Produce a word-for-word copy of the data that follows, excluding images.
*** Opening of Information ***
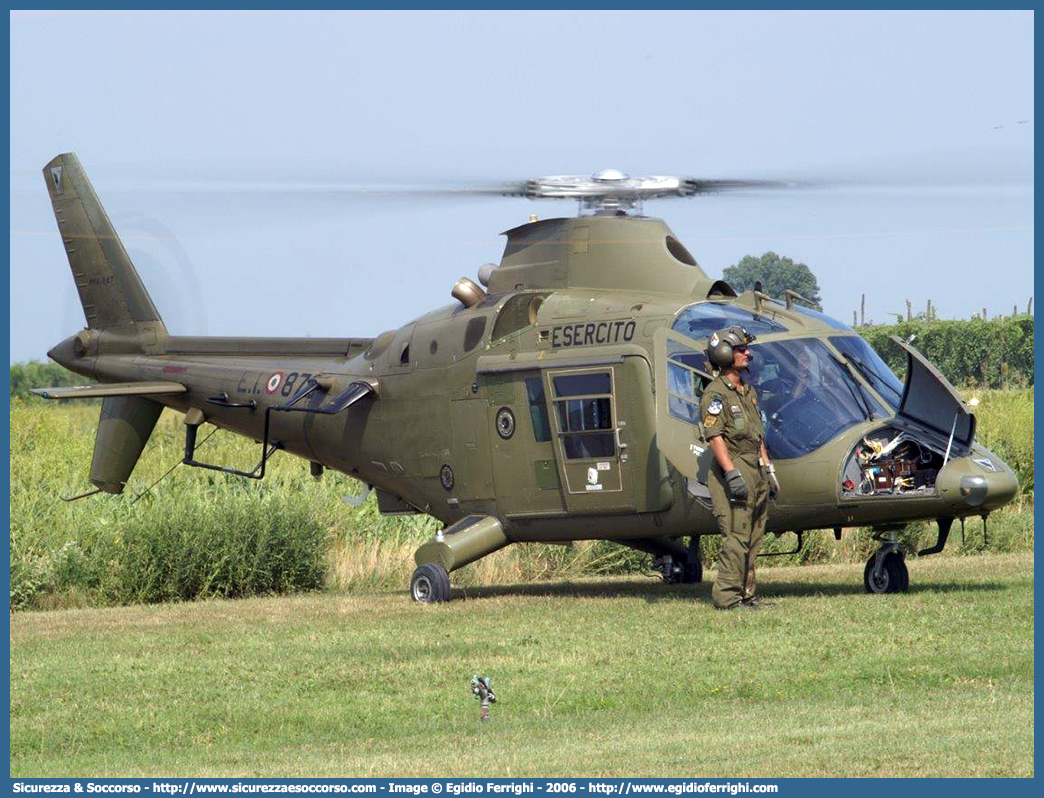 MM81247 EI-870
Esercito Italiano
Aviazione dell'Esercito
Agusta A109A
Parole chiave: EI;E.I.;Esercito;Italiano;Aviazione;Agusta;A109A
*** Close of Information ***
* **Your response**:
 MM81247 EI-870
Esercito Italiano
Aviazione dell'Esercito
Agusta A109A
Parole chiave: EI;E.I.;Esercito;Italiano;Aviazione;Agusta;A109A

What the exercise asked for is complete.